The demonstration also runs as a one-click Google Colab notebook. *At resubmission the four
remaining trait models (grain weight, length, width, and length/width ratio) are added alongside the
heading-date model.*

---

## 10.5 Cross-platform example workflows and the `oryza19k` access cookbook  — *new*

We provide a small Python helper, **`oryza19k`**, that orchestrates the platforms' existing
interfaces (it is a client-side cookbook, **not** a new server/API), and three end-to-end example
workflows anchored to results in the paper.
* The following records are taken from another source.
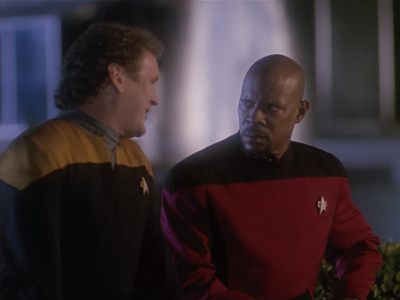 Star Trek: Deep Space Nine Screencaps "Paradise Lost" (S4:E12)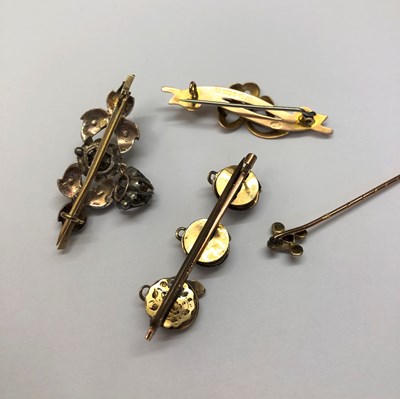 Lot 59 - A collection of antique and later jewellery,...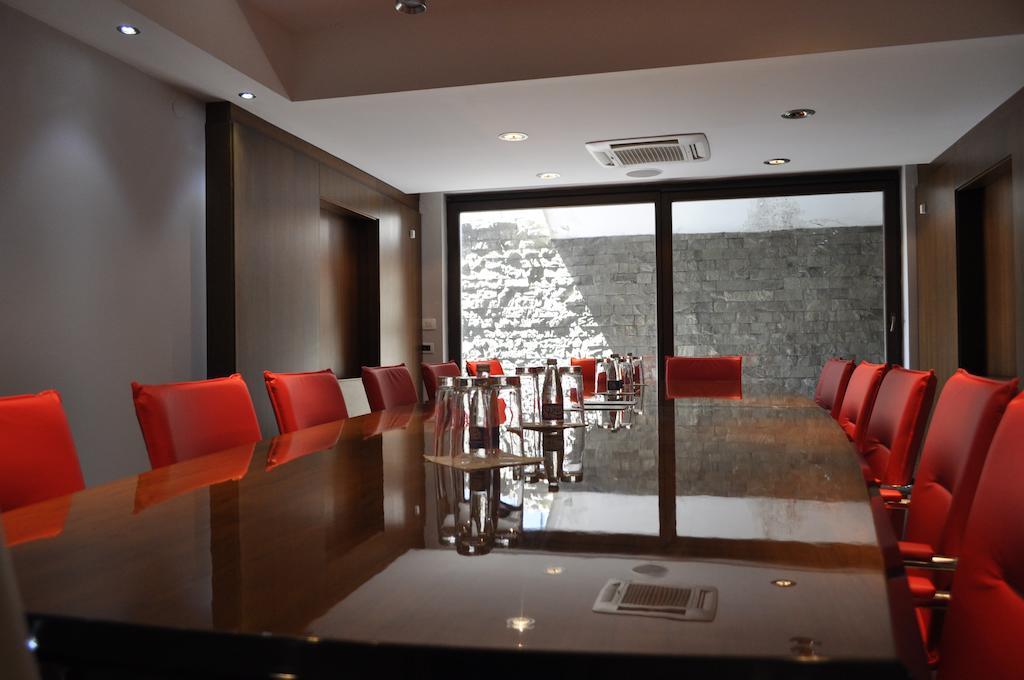Hotel Dolce International Skopje Luaran gambar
Each workflow is a runnable notebook (Colab or Docker)
that ships with its outputs already computed and **falls back to the precomputed tables if a live
service is unavailable**, so it always runs for a reader.

`oryza19k` functions: `lookup_gene`, `region_features`, `vep_effects` (Ensembl REST);
`region_genotypes(source="tabix"|"snpseek"|"local")`; `climate_for_gene`, `accession_climate`
(CLIMtools tables); `predict_trait` (pre-trained models); `summary_table` (precomputed deposit);
and `choose_platform` (the decision table above).
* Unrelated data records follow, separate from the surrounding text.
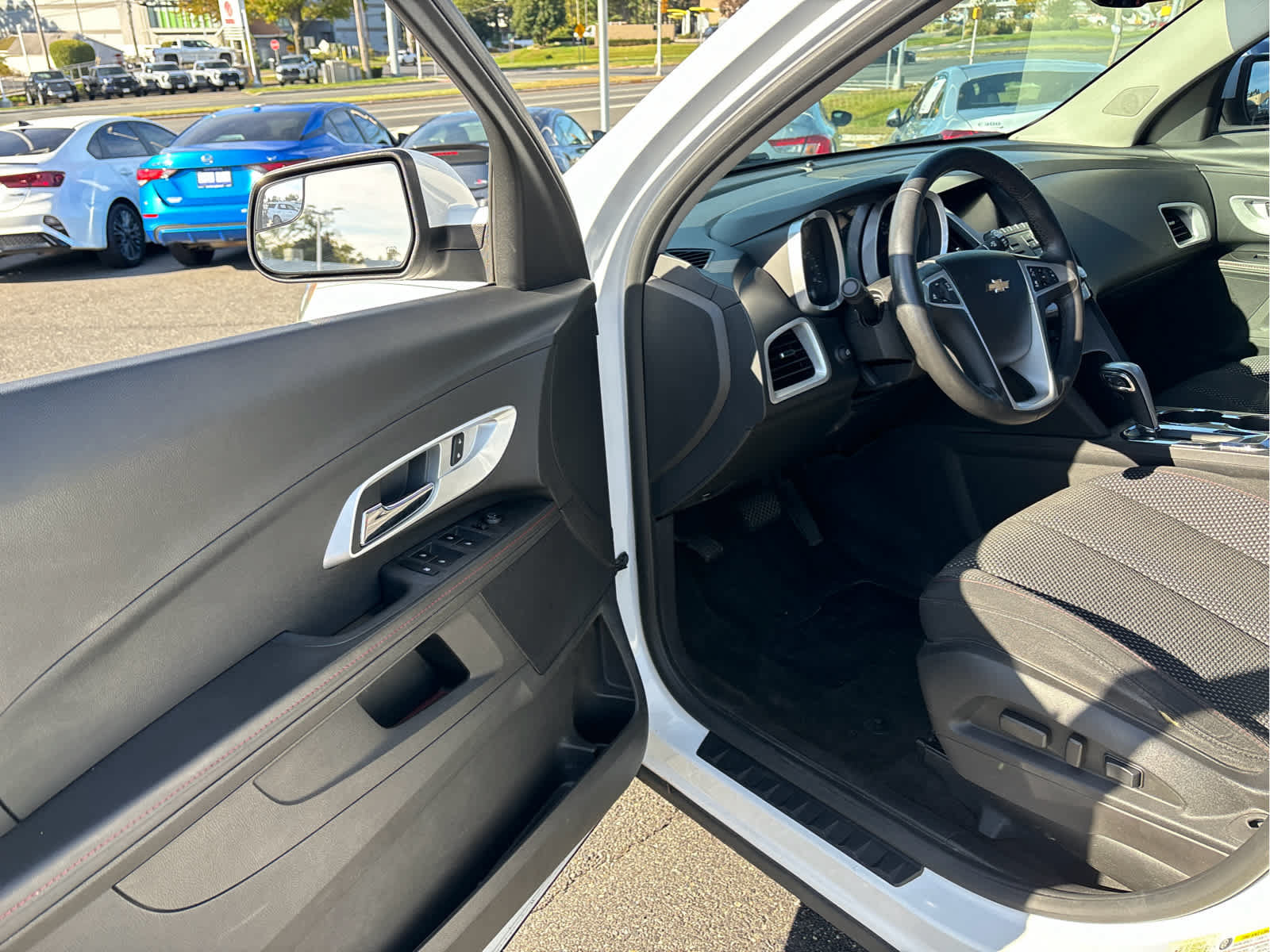Used 2013 Chevrolet Equinox LT w/ Driver Convenience Package AWD/4WD image 7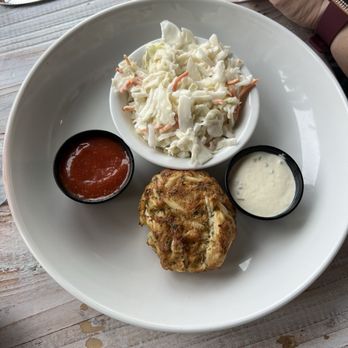 Harpoon Hanna's - Crab cake platter with slaw - Seafood Near Me - Fenwick Island, Delaware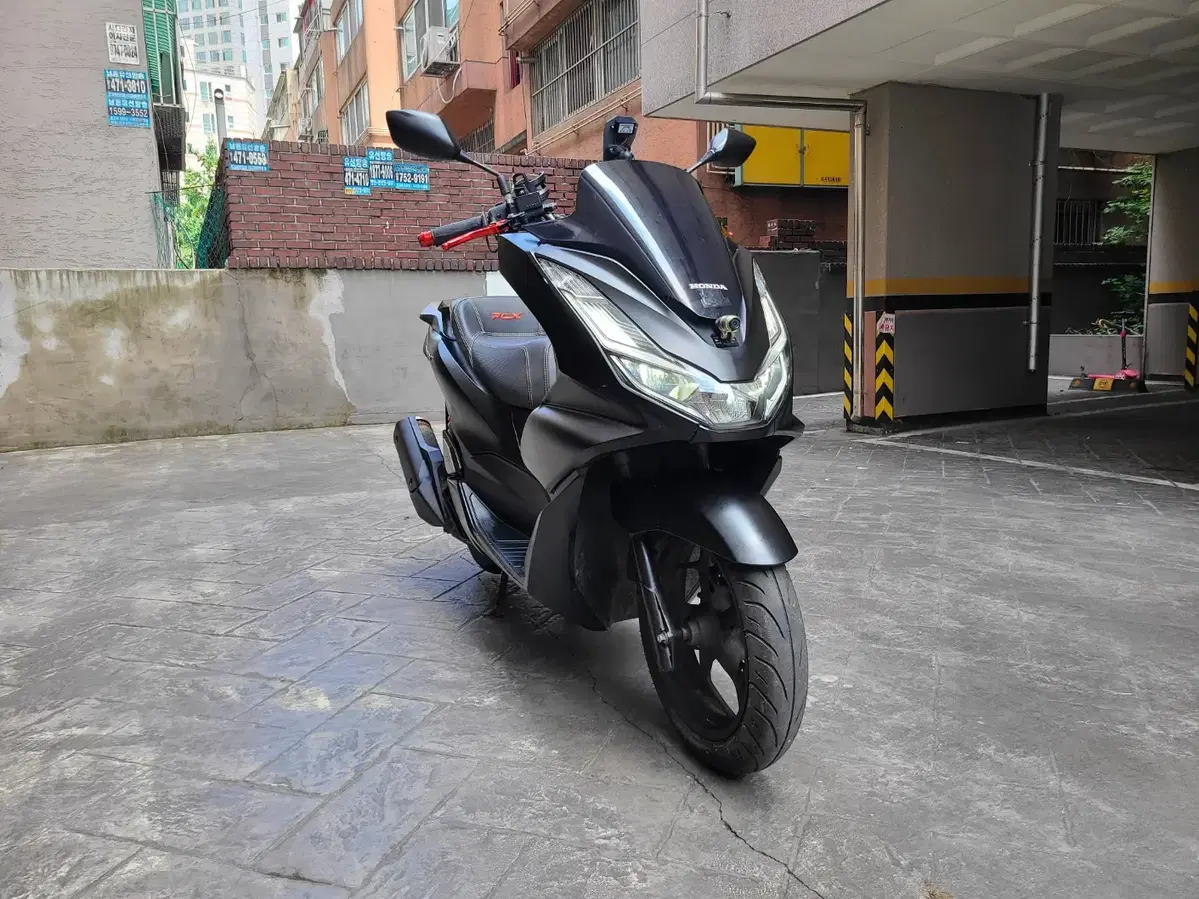 PCX125 ABS 21년식 판매합니다.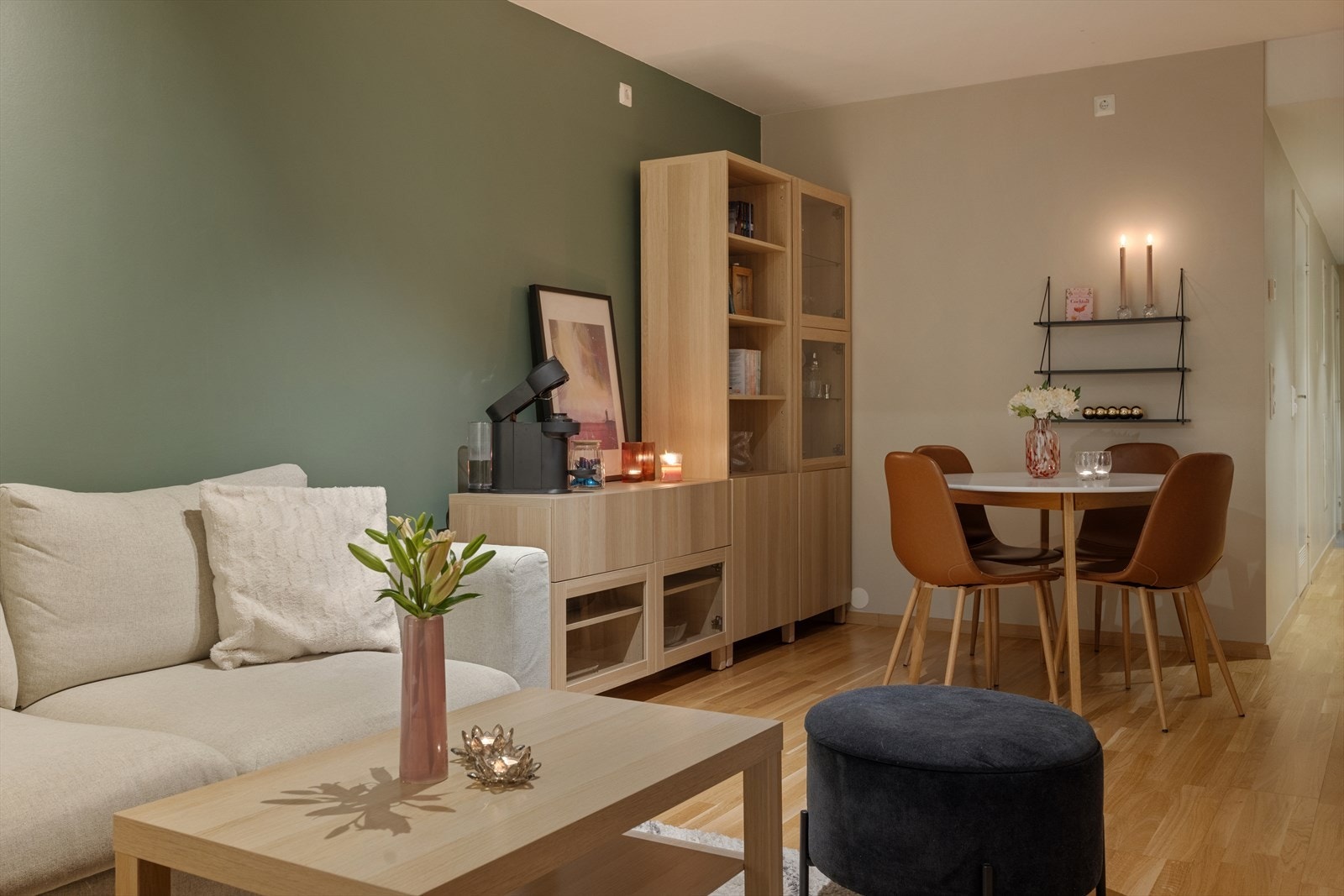 Leiligheten har en arealeffektiv planløsning. Her er det god plass til en større spisegruppe, med mulighet for å utvide når venner og familie inviteres hjem på middag. Galleribilde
**Workflow A — From the *MADS50*/*MADS14* locus to a heading-date hypothesis.**
`lookup_gene("Os03g0752800")` (MADS14 → chr3:31,031,753–31,041,563) → genotypes across XI via
remote `tabix` or SNP-Seek → `vep_effects` for predicted consequences → `climate_for_gene` (top
variable: BIO6, minimum temperature of the coldest month) → join per-accession climate and heading
date → reproduce the haplotype–climate signal → `predict_trait("hdg_80head")` to rank candidates.

**Workflow B — Rare *TB1/FC1* high-effect variant → tiller number.**
Locate *TB1/FC1* and the promoter variant (Ensembl) → genotype the single site across the panel
(`tabix`/SNP-Seek) → allele frequency (≈ 38 carriers, 0.95%) → confirm the regulatory consequence
(VEP + the high-effect-variant table) → pull tiller number, group, and geography for carriers →
report the rare-allele effect with a confidence interval and a relatedness/geography check.
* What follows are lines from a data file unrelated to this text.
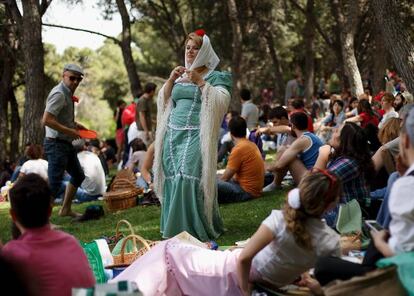 Una chulapa en la Pradera de San Isidro.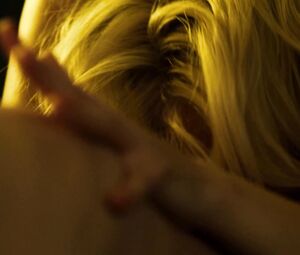 Naked Chelsey Reist & Sharon Hinnendael - Embrace of the Vampire (2013)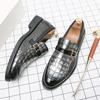 Fashion Italian Brand Crocodile Pattern Black Leather Shoes Buckle Loafers Business Moccasin Thick Bottom Pointed Toe Designer Shoes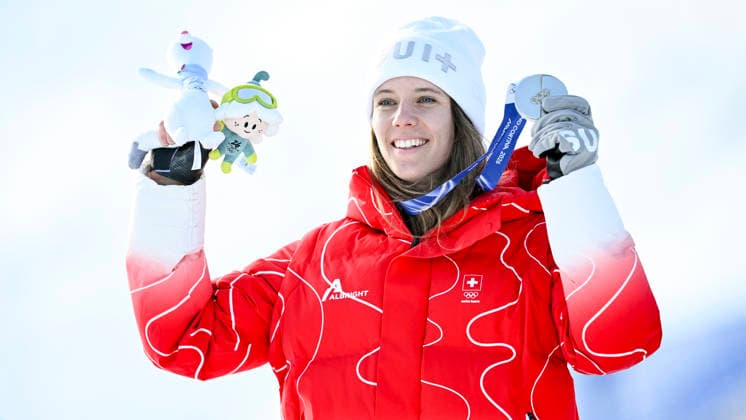 OLYMPICS - Winter Olympic Games, Olympische Spiele, Olympia, OS Milano Cortina 2026 CORTINA D AMPEZZO,ITALY,18.FEB.26 - OLYMPICS, ALPINE SKIING - Winter Olympic Games Milano Cortina 2026, slalom, women, medal ceremony. Image shows the rejoicing of Camille Rast (SUI). Keywords: medal, mascot.  GEPAxpictures xAlexanderxSolc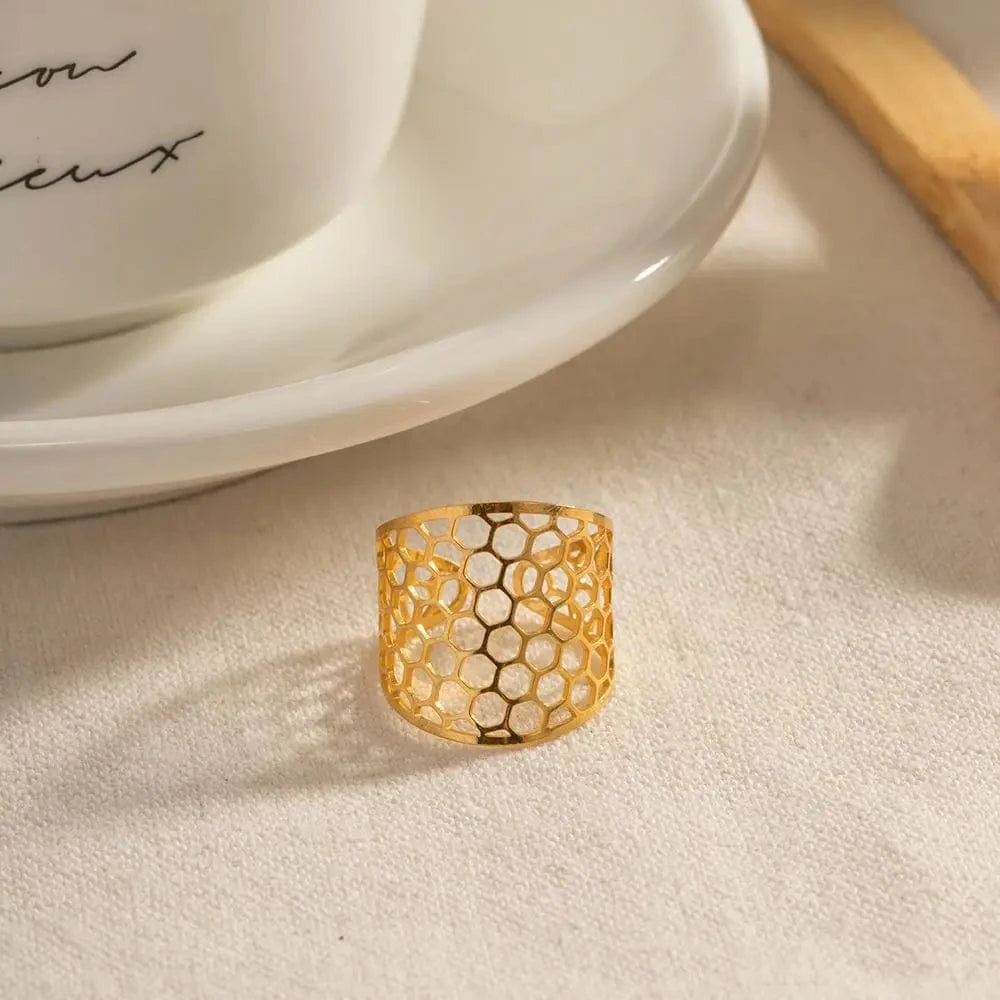 Resizable / Trendy / R1978 R1978 Arrival 18K Gold Plated Stone Finger Ring Stainless Steel filigree Open Ring for girls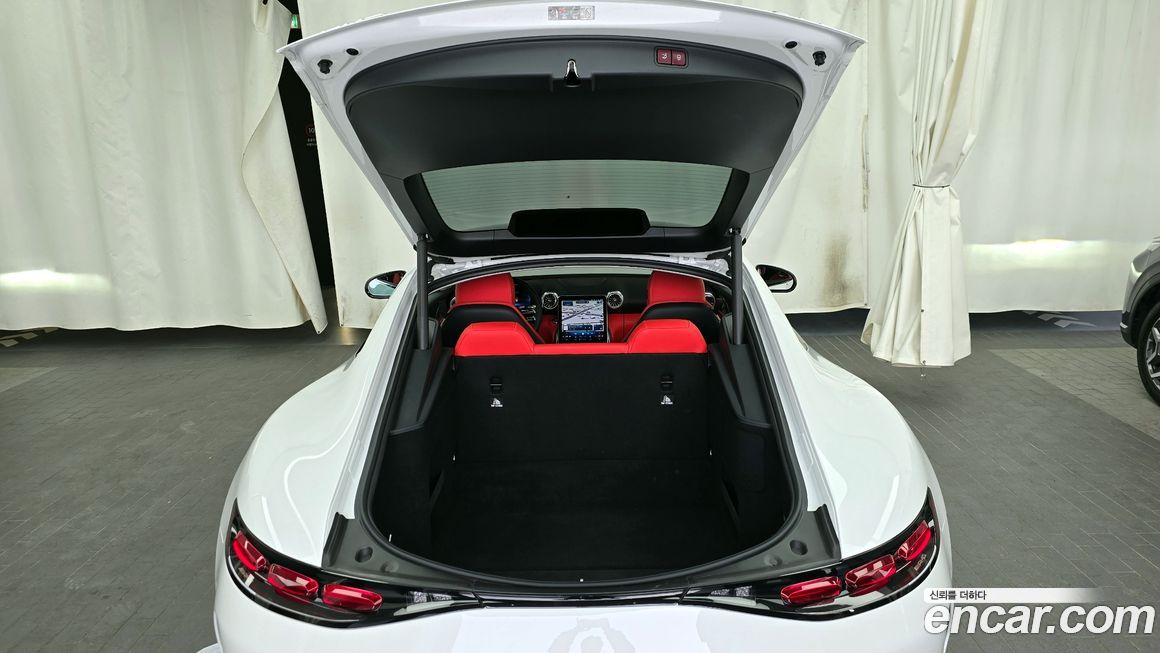 Mercedes-Benz AMG GT 2025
**Workflow C — Whole-collection trait imputation and benchmarking.**
Load the 165,640 core-SNP matrix (or stream regions) → `predict_trait` on the accessions with
missing phenotypes → compare against the benchmark table (gradient-boosted trees vs rrBLUP/GBLUP/
BayesA–C and tabular deep/foundation models) → map the top SHAP SNPs to genes.

---

## 10.6 Efficient data access at scale  — *new*

**Remote `tabix` streaming — query 19,035 genomes without downloading them.** The per-reference
VCFs are bgzip-compressed and tabix-indexed; with a server that supports HTTP range requests, any
locus can be streamed directly:

```bash
# Stream just the MADS14 locus from the bgzipped 19K-RGP VCF — no full download.
tabix -h https://<public-host>/19K-RGP/IRGSP-1.0/19K-RGP.IRGSP-1.0.snps.vcf.gz 3:31031753-31041563

# Same, with bcftools, emitting a tidy genotype table:
bcftools view -r 3:31031753-31041563 https://<public-host>/.../19K-RGP.IRGSP-1.0.snps.vcf.gz \
  | bcftools query -f '%CHROM\t%POS\t%REF\t%ALT[\t%GT]\n'
```

```python
import pysam
vcf = pysam.VariantFile("https://<public-host>/.../19K-RGP.IRGSP-1.0.snps.vcf.gz")
for rec in vcf.fetch("3", 31031753, 31041563):
    print(rec.chrom, rec.pos, rec.ref, rec.alts)
```

> Requires the VCFs to be served over HTTPS with range support; the one-time `bgzip`/`tabix`
> preparation is coordinated with the Gramene team.

**Precomputed summary tables (no query needed).** A DOI-citable Zenodo deposit (mirrored on the
Gramene FTP and the KAUST repository) provides: a master accession/passport table with varietal
groups and the five-reference coordinate mappings; per-variety-group **allele frequencies** for the
165,640 core SNPs; a per-gene variant summary; the high-effect-regulatory-variant table; the
genome–environment-association hits per group; the five trait phenotype tables; the genomic-
prediction **benchmark** table; the SHAP-top-SNP→gene table; and the *MADS14/MADS50* haplotype
tables. See the deposit manifest for columns and formats.

**Honest limits.** SNP-Seek REST endpoint paths are being confirmed with IRRI; CLIMtools has no REST
API (tables only); pre-publication browser/FTP endpoints are credentialed and move to anonymous
production at publication, with the European Variation Archive (PRJEB105137), NCBI BioProjects
(PRJNA954521, PRJNA597070, PRJNA952097), the KAUST repository (DOI 10.25781/N3AF-NP78), and the
Zenodo deposit as the durable, credential-free records.